## [Exercise aim]
Find the line below with "And finally, you" and the line with "But before we". Output exactly those lines and everything between them, leaving out the pictures.

## [Exercise material]
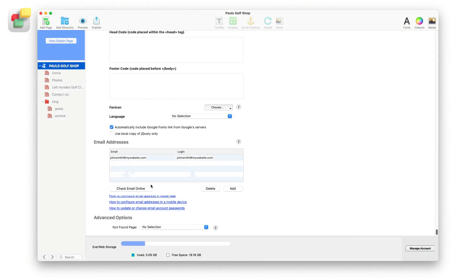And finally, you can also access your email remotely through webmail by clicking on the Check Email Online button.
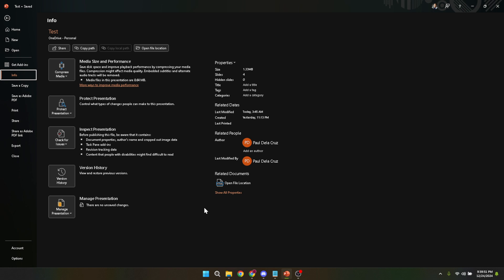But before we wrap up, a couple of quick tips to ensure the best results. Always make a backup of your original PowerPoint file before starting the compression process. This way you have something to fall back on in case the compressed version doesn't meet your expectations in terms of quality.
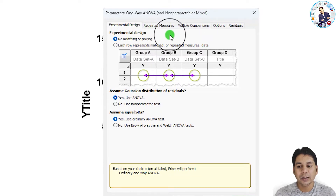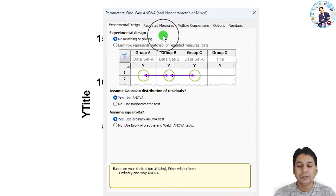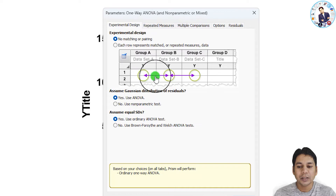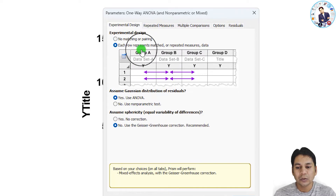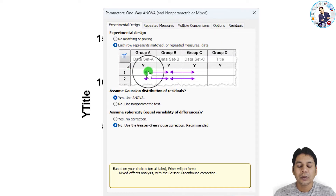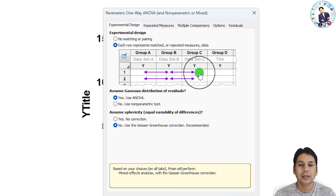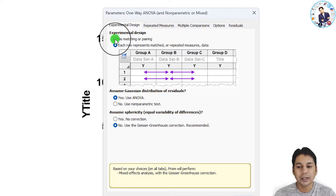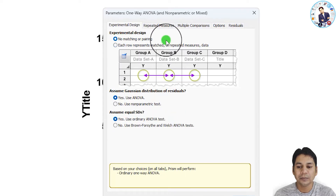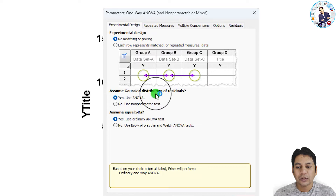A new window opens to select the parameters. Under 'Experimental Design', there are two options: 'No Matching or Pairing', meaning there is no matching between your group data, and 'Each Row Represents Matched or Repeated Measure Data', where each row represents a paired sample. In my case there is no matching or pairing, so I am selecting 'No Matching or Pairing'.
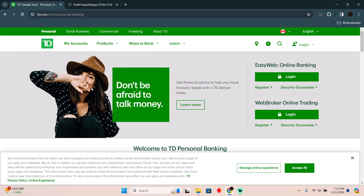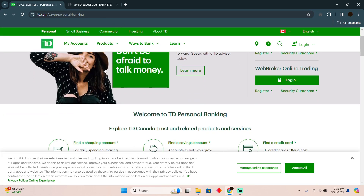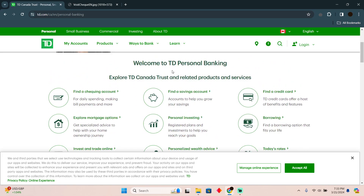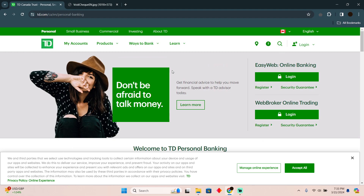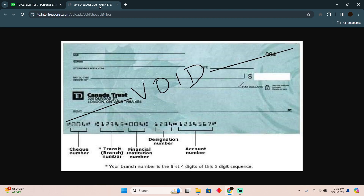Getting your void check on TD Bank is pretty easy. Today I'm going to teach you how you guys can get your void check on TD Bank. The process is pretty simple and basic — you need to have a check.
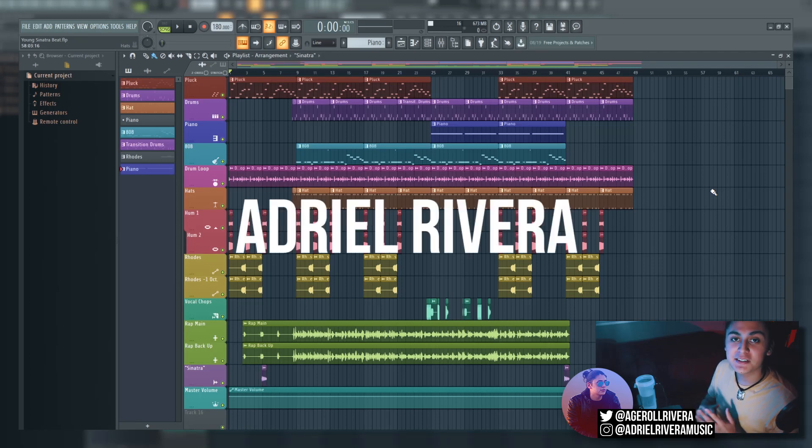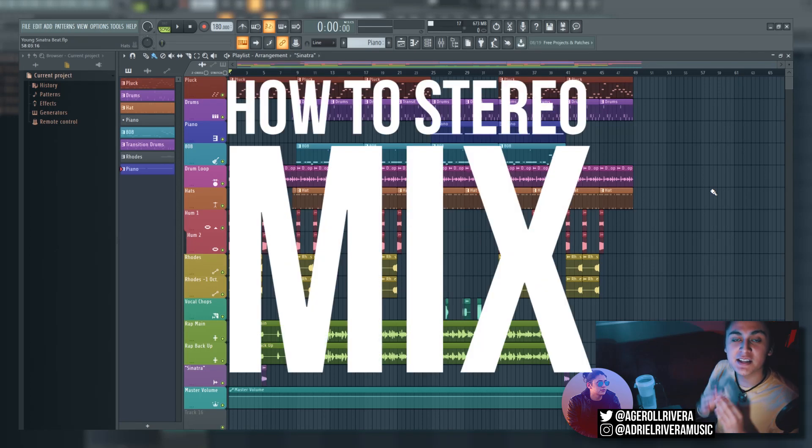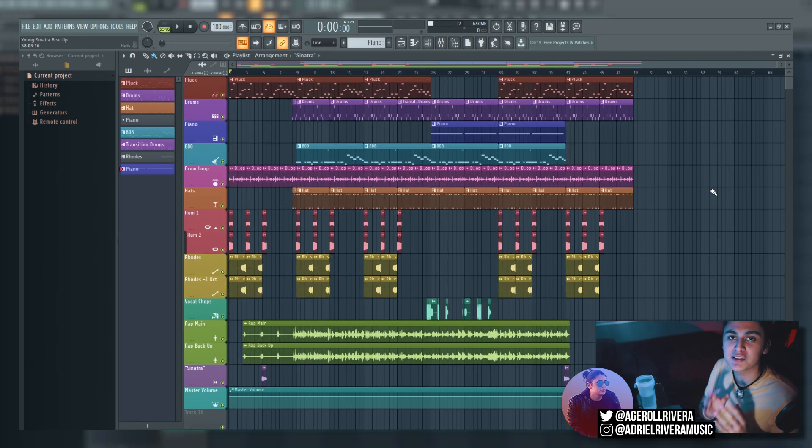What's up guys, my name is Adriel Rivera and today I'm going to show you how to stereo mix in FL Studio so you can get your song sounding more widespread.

==

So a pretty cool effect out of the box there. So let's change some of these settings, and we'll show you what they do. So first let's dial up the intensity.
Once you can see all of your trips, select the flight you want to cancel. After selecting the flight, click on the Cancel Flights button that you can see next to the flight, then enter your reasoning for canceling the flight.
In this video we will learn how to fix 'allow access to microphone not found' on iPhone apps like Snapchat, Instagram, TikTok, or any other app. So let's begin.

---

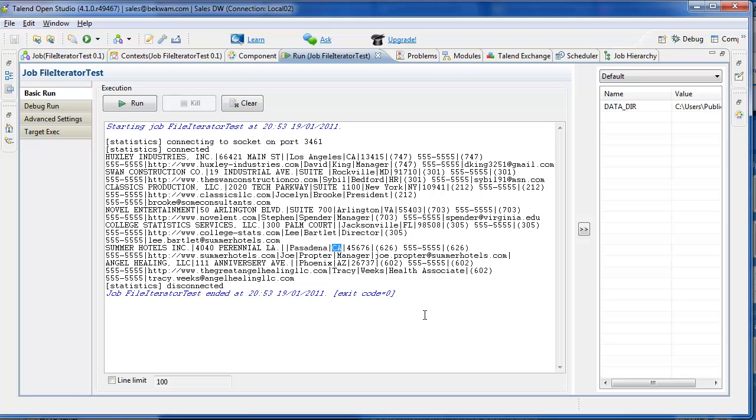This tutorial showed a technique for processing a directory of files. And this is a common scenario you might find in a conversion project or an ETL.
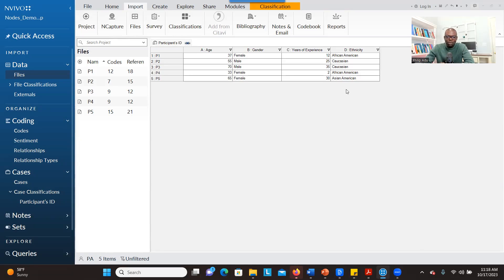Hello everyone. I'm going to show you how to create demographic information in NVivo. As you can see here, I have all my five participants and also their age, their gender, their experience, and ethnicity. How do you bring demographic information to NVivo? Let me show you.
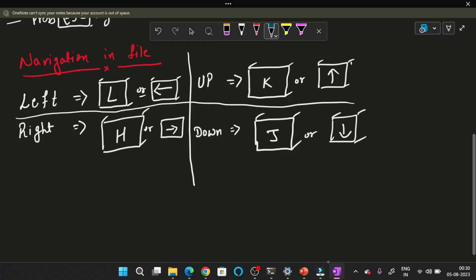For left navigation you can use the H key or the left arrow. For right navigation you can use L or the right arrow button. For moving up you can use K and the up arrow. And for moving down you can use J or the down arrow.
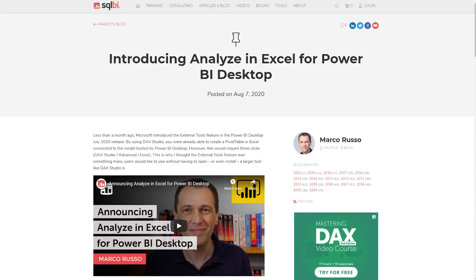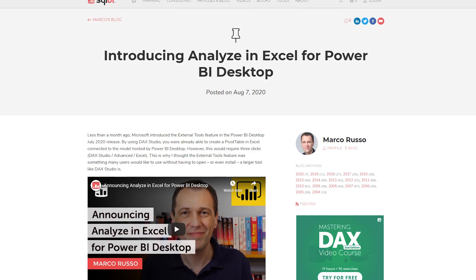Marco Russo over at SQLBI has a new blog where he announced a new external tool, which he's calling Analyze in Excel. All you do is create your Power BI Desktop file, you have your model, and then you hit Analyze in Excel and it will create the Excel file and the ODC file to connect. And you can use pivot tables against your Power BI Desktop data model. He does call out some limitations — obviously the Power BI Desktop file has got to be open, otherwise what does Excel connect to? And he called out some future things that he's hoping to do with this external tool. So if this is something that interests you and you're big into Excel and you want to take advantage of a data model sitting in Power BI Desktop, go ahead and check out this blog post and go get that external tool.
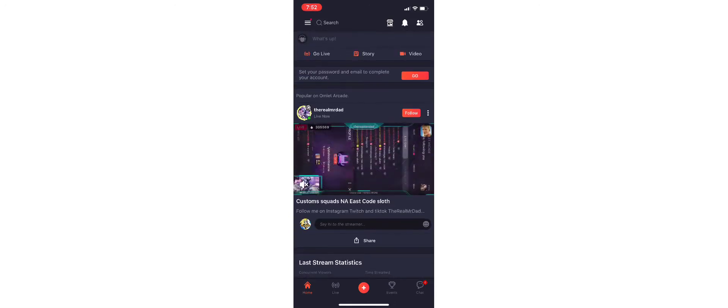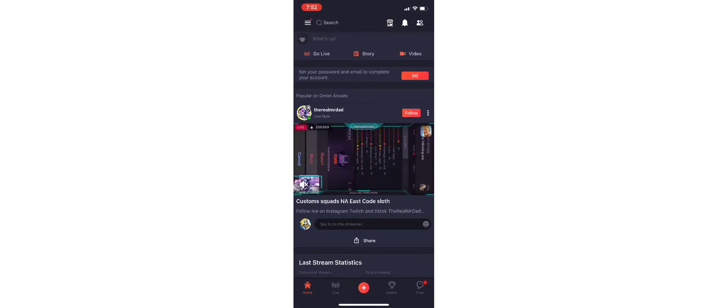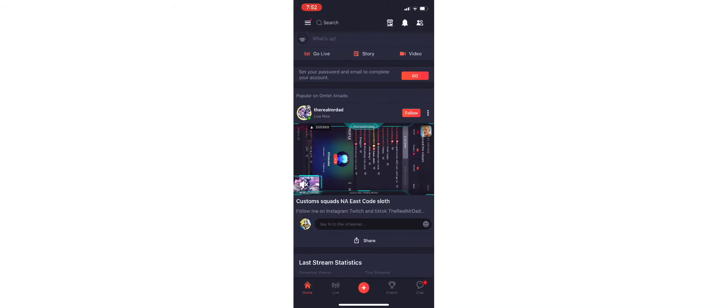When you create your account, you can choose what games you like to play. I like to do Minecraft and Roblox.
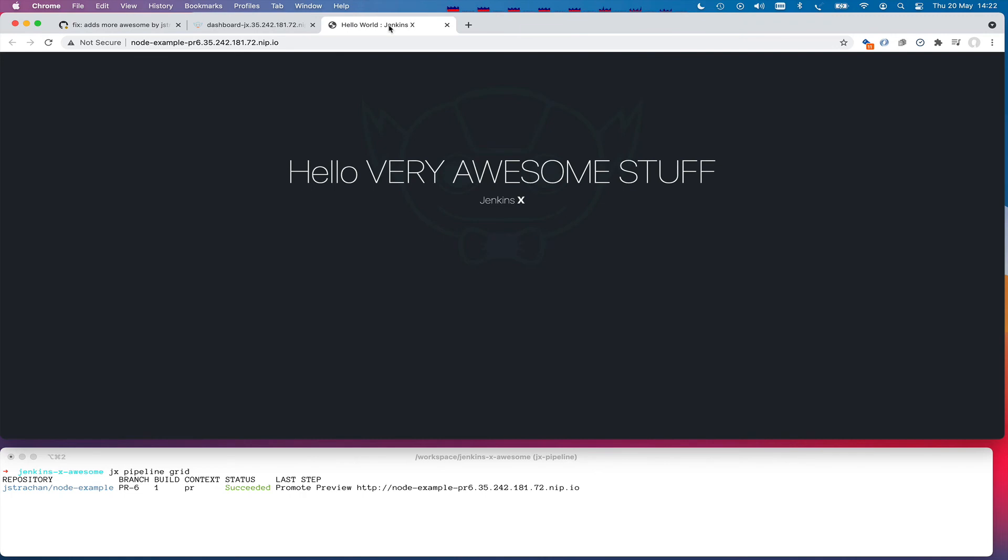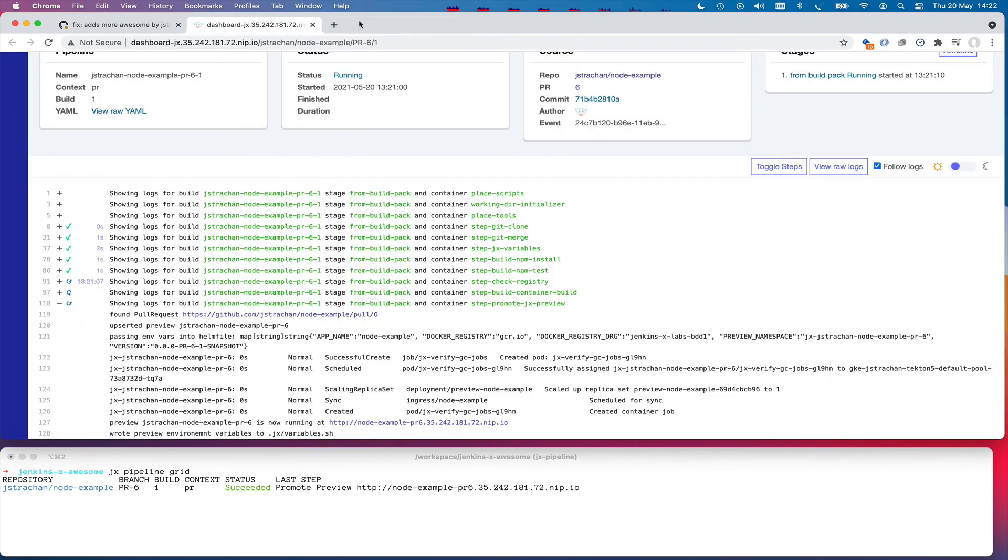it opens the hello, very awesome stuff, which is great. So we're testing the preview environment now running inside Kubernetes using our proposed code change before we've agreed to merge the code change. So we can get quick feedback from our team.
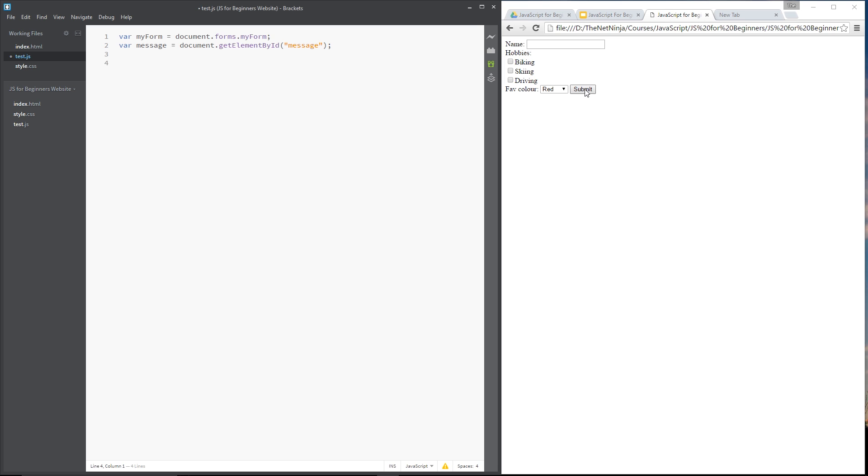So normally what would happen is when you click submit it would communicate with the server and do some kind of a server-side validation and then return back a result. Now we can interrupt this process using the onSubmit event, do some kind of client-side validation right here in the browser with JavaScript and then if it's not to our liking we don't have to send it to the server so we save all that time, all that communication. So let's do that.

## [The answer]
And finally, you can also access your email remotely through webmail by clicking on the Check Email Online button.
But before we wrap up, a couple of quick tips to ensure the best results. Always make a backup of your original PowerPoint file before starting the compression process. This way you have something to fall back on in case the compressed version doesn't meet your expectations in terms of quality.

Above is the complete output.